BMcC [00:03:10] Describe the idea of "a point of reference," the idea that, I believe, underlies the piece that you wrote for the New World Symphony, Polaris.
TA [00:03:17] Polaris, of course, being this the fixed star by which the ancients used to navigate at sea. And I was thinking really about what it is to have a key, a note which is a key, A or C-sharp, in this piece, are the two. And I thought, what really is that? I mean, nobody still quite understands why if you play C major and G major and go backwards and forwards, just those two chords, you can think, is this one or is this four? Is this five? It's very mysterious and no one's really quite understood how this works. What is it? But the fact is that something, I think something to do with weights, you know, one of them will feel heavier and it has more gravity, literally like a thing, an object having magnetic pull of some kind. So this piece is about, it just begins with one particular note, and it has, it's a magnetic series, it keeps coming back to that note, one-two, one-two-three, one-two-three-four, one-two-three-four-five, all the way to twelve. And that's where it goes on its head. And it's as if the polls are reversed. And more than that, it will probably be confusing, to say that I, really... The whole piece is one melody which is played at the same time as itself up to five or six times, upside down, different speeds. But I'm hoping that it creates this feeling of shifting magnetic forces.

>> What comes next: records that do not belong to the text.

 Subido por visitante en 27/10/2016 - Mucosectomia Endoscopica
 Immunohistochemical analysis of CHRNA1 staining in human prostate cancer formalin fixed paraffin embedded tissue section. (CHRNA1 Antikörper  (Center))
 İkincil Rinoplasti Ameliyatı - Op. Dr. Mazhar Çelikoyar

BMcC [00:04:47] That's actually a really clear explanation. I appreciate that. Yeah. Thank you. The Franck Symphony in D Minor: does this piece have a particular connection thematically to the works on the first half of the program?
TA [00:05:00] It's an abstract piece, of course, in some ways. But I've always adored this piece. It's a very special work. And the connection, if anything, would be that I think Franck discovered various things in harmony and rhythm, which are not even just ahead of their time, but I think he stumbled on Gershwin, I mean, quite by accident. This sort of material, this kind of way of making this harmony that slithers and is unstable and also the syncopations, it's very cle-, and I think he didn't, obviously, know what it was then going to imply, you know, so many years later.

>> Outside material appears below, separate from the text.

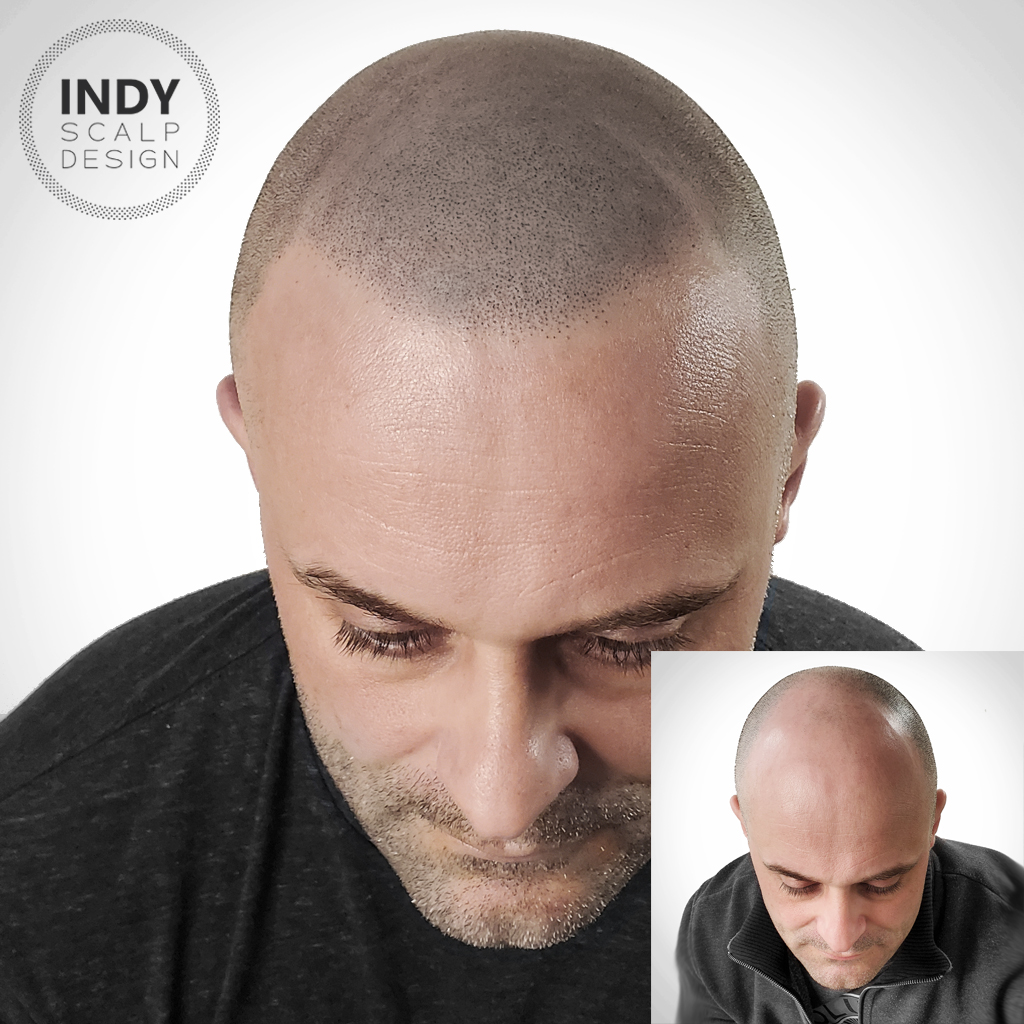 Indy Scalp Design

[00:05:43] It just, I think it made him feel, sort of, all sorts of strange things, you know. And I always picture Franck, the wonderful French, very devout organist, in his organ loft in Sainte-Clotilde all day long, in Paris, presumably, occasionally prey to strange, wondering, troubling thoughts. And it's almost as though it shifts between this intense, devout, wonderful faith, and these kind of weird, you know, or spooky, or whatever they are thoughts. And I just felt that it's a piece with lots of perspectives and lots of a sense of voyage. I feel this great second movement is a sort of pilgrim. And I feel that the cor anglais [English horn] is a pilgrim and is beset by will-of-the-wisps and all this kind of thing. So, and there's a great sense of communal and some kind of almost religious hymn-like thing which does, to me, connect to the Ives, actually. Yeah.
BMcC [00:06:42] Thomas Adès, thanks so much for your time today.
TA [00:06:46] Thank you very much. Nice to see you again.